2018.3.10 18:00 [CoRich]

神奈川県立青少年センター。本編90分。とディスカッション、全体で180分ほど。

金のない人々に仕事やすみかを提供し、常連客となったスナックに集まる人々。常連客が大雨で死に、風邪薬の大量投与で毒殺される。二人ともスナックの女性従業員との偽装結婚をしていて殺人の疑いがかかるオーナーは、入場料をとる有料の記者会見を繰り返している。
新たな訪れた若い男は間違って迷い込んだが、天涯孤独だという男を、自分も孤児だといい、迷い入れる。

どこか既視感があるなぁと思っていたら、本庄保険金殺人事件(wikipedia)を題材に。
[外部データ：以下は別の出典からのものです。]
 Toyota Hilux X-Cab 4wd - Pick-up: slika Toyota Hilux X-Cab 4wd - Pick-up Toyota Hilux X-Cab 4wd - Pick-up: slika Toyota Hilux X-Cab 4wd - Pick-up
だめだめな常連客(オーナーを追及する記者を兼ねる)、豪快な親分肌のオーナー、内縁の妻であるママ、偽装結婚をくりかえすフィリピン人従業員が登場して描かれる物語。ディスカッションでも語られたけれど、外部からの視点となるのは、訪れた若者という構図。
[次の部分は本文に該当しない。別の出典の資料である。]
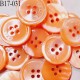 Bouton nacré 17 mm inscription CELINE très haut de gamme couleur orange 4 trous diamètre 17 mm épaisseur 3 mm prix à l'unité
金のためなのか快楽のためなのか、あるいは孤児という過去に起因して世を恨んでなのかはわからないけれど、ディスカッションが進むうち、作家によれば元々はここにオーナーの母親の物語があったものをあっさり削ったのだといいます。作家によれば、何かの理由によって月雨後かあれるのではなく、一人の男が残虐を重ねるうちに自分を突き動かしてるものが「無」なのだと気づくということを描きたかったのだといいます。 帰宅困難地域にある孤児院の墓碑銘とか、ホステスと関係を持とうとするオーナーなど、サスペンスっぽい断片はあるけれど、それが物語という形に結実しないと感じていたけれど、この作家がいう「無」を描きたいのだということなのだということには気づかず。一点だけそれを匂わせるけれど、どちらかという全体の雰囲気はサスペンスなのです。

このイベントは観客と作り手たちのディスカッションによって戯曲をブラッシュアップする前提で行われているというのが前提だけれど、それが必ずしもうまく機能しないこともあるのです。それは質疑があまり通じないことが起きたりとさまざまだけれど、今回に関してはあまりうまくいってない感じがあります。作家には明確に書きたいものがあって、それを一人で思い悩むのが楽しいのだろうな、と思わせる感じ、なのはまあ私の感想ですが。